How do I get a dataframe or database write from TFX BulkInferrer?

I'm very new to TFX, but have an apparently-working ML Pipeline which is to be used via BulkInferrer. That seems to produce output exclusively in Protobuf format, but since I'm running bulk inference I want to pipe the results to a database instead. (DB output seems like it should be the default for bulk inference, since both Bulk Inference & DB access take advantage of parallelization... but Protobuf is a per-record, serialized format.)
I assume I could use something like Parquet-Avro-Protobuf to do the conversion (though that's in Java and the rest of the pipeline's in Python), or I could write something myself to consume all the protobuf messages one-by-one, convert them into JSON, deserialize the JSON into a list of dicts, and load the dict into a Pandas DataFrame, or store it as a bunch of key-value pairs which I treat like a single-use DB... but that sounds like a lot of work and pain involving parallelization and optimization for a very common use case. The top-level Protobuf message definition is Tensorflow's PredictionLog.
This must be a common use case, because TensorFlowModelAnalytics functions like this one consume Pandas DataFrames. I'd rather be able to write directly to a DB (preferably Google BigQuery), or a Parquet file (since Parquet / Spark seems to parallelize better than Pandas), and again, those seem like they should be common use cases, but I haven't found any examples. Maybe I'm using the wrong search terms?
I also looked at the PredictExtractor, since "extracting predictions" sounds close to what I want... but the official documentation appears silent on how that class is supposed to be used. I thought TFTransformOutput sounded like a promising verb, but instead it's a noun.
I'm clearly missing something fundamental here. Is there a reason no one wants to store BulkInferrer results in a database? Is there a configuration option that allows me to write the results to a DB? Maybe I want to add a ParquetIO or BigQueryIO instance to the TFX pipeline? (TFX docs say it uses Beam "under the hood" but that doesn't say much about how I should use them together.) But the syntax in those documents looks sufficiently different from my TFX code that I'm not sure if they're compatible?
Help?
(Copied from the related issue for greater visibility)
After some digging, here is an alternative approach, which assumes no knowledge of the feature_spec before-hand. Do the following:
Set the BulkInferrer to write to output_examples rather than inference_result by adding a output_example_spec to the component construction.

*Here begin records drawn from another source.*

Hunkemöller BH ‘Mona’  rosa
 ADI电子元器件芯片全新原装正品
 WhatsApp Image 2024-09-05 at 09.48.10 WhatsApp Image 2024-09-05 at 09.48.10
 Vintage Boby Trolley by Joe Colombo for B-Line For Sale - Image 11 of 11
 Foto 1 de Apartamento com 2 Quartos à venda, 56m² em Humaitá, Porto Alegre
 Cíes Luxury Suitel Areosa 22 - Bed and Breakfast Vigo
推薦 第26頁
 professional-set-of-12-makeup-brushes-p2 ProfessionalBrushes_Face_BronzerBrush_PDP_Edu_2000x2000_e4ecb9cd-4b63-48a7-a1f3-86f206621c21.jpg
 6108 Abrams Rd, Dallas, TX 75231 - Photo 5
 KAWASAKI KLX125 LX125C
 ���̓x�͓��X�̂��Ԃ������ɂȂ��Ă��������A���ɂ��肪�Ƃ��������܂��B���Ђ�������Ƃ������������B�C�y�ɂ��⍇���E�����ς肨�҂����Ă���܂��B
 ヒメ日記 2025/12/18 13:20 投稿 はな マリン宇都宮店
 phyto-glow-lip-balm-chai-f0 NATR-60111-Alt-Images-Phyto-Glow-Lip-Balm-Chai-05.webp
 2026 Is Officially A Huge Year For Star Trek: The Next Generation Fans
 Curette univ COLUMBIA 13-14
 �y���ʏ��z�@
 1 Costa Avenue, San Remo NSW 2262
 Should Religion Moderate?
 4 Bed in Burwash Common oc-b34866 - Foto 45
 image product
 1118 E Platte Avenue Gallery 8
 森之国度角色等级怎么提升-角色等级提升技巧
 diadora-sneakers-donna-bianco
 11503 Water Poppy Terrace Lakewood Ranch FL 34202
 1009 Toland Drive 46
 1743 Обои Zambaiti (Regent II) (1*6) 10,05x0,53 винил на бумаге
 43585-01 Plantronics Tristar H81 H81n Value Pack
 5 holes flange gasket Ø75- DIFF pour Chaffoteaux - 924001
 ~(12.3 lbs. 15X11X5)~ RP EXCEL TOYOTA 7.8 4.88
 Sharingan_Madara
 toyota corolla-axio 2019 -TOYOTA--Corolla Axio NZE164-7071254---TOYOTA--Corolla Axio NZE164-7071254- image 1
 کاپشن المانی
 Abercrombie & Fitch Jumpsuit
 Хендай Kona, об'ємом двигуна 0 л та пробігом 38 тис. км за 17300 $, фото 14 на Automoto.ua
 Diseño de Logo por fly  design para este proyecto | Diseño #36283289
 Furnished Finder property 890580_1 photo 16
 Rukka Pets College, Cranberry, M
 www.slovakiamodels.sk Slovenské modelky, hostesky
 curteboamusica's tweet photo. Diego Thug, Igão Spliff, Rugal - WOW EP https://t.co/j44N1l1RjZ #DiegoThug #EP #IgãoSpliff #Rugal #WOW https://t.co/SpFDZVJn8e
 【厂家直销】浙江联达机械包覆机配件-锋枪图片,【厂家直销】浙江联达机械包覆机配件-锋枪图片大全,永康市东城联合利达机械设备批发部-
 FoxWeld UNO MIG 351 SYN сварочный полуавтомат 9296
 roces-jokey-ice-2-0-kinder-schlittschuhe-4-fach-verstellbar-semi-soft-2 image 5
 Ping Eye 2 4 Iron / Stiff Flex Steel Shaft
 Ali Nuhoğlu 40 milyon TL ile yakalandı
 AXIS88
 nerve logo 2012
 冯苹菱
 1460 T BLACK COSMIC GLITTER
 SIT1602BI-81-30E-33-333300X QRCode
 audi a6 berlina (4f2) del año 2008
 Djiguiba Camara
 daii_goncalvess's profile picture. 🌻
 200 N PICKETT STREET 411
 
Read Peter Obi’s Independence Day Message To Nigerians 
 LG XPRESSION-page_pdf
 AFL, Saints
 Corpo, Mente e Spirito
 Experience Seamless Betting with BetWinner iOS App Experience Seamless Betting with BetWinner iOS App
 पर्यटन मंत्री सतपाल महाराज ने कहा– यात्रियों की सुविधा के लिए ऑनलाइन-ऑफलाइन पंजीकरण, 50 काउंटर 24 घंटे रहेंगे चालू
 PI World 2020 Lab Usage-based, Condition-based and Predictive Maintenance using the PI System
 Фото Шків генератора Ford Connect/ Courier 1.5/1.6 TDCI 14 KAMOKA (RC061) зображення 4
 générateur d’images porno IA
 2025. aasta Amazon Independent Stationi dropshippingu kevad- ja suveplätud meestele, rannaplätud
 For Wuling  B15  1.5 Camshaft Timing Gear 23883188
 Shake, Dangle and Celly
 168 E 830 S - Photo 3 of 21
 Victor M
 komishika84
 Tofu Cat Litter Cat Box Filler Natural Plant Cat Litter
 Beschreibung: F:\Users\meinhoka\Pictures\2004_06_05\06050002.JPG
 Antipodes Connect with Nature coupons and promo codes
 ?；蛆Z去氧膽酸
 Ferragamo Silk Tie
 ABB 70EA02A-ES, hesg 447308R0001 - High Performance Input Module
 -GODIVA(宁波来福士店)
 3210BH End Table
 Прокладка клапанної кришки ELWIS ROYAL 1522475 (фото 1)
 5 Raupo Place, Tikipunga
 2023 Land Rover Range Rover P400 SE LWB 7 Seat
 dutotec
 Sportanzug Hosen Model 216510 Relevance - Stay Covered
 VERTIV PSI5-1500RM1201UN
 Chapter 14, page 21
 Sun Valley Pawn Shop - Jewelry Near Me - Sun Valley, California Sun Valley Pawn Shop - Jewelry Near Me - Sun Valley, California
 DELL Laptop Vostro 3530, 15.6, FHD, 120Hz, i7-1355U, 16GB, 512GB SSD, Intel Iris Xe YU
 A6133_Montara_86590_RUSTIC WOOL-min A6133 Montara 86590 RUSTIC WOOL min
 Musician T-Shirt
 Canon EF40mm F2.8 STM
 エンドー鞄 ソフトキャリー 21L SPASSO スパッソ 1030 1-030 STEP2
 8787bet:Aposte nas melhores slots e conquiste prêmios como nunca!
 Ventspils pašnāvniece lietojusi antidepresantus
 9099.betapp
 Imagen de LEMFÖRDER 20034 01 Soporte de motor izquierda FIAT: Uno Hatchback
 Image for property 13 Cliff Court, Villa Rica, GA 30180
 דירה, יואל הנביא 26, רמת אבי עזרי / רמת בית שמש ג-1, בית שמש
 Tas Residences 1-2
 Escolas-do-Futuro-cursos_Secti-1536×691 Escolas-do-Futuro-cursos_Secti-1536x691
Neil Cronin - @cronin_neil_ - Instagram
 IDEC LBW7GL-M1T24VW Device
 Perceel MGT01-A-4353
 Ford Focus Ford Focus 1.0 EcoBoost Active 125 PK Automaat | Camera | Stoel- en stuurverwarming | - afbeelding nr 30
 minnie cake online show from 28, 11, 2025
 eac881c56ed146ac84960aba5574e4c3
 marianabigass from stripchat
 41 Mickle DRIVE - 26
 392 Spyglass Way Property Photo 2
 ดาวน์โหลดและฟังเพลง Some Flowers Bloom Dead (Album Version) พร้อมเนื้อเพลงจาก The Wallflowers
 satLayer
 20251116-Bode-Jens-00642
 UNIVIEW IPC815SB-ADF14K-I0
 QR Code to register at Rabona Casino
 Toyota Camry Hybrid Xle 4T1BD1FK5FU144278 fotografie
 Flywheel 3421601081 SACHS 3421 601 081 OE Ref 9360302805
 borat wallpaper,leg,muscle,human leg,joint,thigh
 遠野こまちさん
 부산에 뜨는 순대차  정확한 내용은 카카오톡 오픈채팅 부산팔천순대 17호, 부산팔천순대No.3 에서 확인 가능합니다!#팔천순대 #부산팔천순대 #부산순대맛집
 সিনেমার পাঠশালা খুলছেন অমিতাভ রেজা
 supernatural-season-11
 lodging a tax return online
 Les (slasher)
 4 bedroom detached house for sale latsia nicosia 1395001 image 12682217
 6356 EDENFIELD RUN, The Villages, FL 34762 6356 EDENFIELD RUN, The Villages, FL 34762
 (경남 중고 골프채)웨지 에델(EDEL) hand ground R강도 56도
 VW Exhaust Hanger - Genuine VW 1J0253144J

Add a StatisticsGen and a SchemaGen component in the main pipeline right after the BulkInferrer to generate a schema for the aforementioned output_examples
Use the artifacts from SchemaGen and BulkInferrer to read the TFRecords and do whatever is neccessary.
bulk_inferrer = BulkInferrer(
....
output_example_spec=bulk_inferrer_pb2.OutputExampleSpec(
output_columns_spec=[bulk_inferrer_pb2.OutputColumnsSpec(
predict_output=bulk_inferrer_pb2.PredictOutput(
output_columns=[bulk_inferrer_pb2.PredictOutputCol(
output_key='original_label_name',
output_column='output_label_column_name', )]))]
))
statistics = StatisticsGen(
examples=bulk_inferrer.outputs.output_examples
)
schema = SchemaGen(
statistics=statistics.outputs.output,
)
After that, one can do the following:
import tensorflow as tf
from tfx.utils import io_utils
from tensorflow_transform.tf_metadata import schema_utils
# read schema from SchemaGen
schema_path = '/path/to/schemagen/schema.pbtxt'
schema_proto = io_utils.SchemaReader().read(schema_path)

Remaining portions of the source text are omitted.